The Colvos Store, also known as the Kress Store and Belcher Home, is a combination residence and commercial building in Vashon, Washington. It was added to the National Register of Historic Places on August 10, 2000.

==History==

The Colvos Store was built in 1923 by John Trones, an immigrant from Norway, and Gustav Parker. The store area in the front measured about 30 ft by 30 ft, and a two-room apartment behind the store measured about 30 ft by 25 ft. A garage (since demolished) and addition to the rear apartment were added in the 1930s.

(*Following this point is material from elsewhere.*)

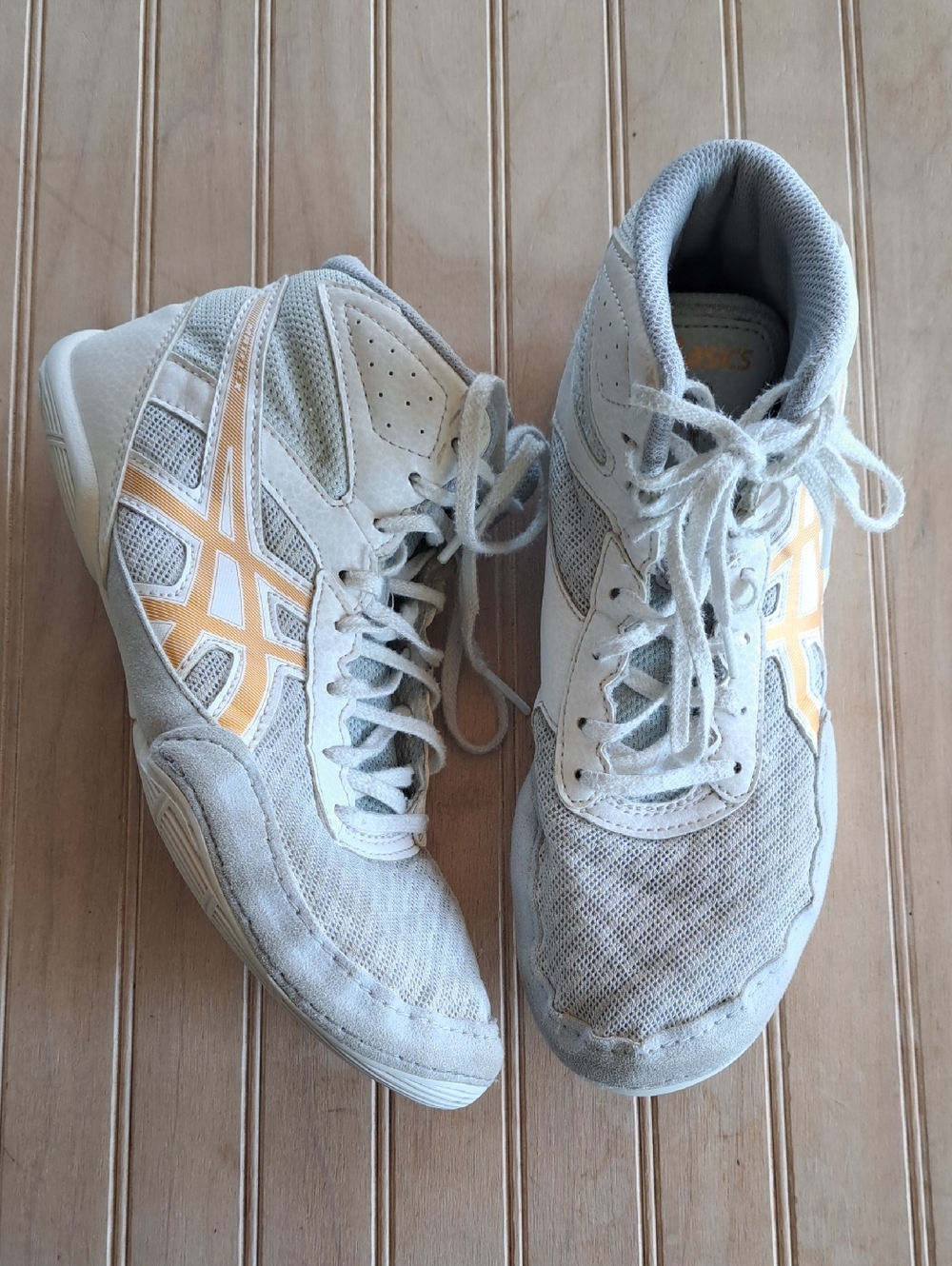 ASICS Matflex 6 Wrestling Shoes Wht Gold High Top Athletic Sneakers Lightweight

Trones, having bought out Parker's interest in the store, operated it himself for several years before selling it to the Tellvik family in 1927. Mr. Tellvik added the garage which operated in conjunction with a Shell Oil Company gas pump. The store passed to several families in the 1930s: from the Tellviks to the Townes to the Sextons. In 1938, Mr. and Mrs. Guy Kress bought and renamed the store "Kress Store", operating it until 1943 when war rationing and declining business led the Kresses to close the store.

After falling into disrepair, the building was rehabilitated as a residence and studio in 1985, restoring the facade to its original appearance. In 1994, it was discovered that the original 700 gallon gasoline storage tank was still underground; it was removed and remediation actions were taken to remove contaminants from the soil.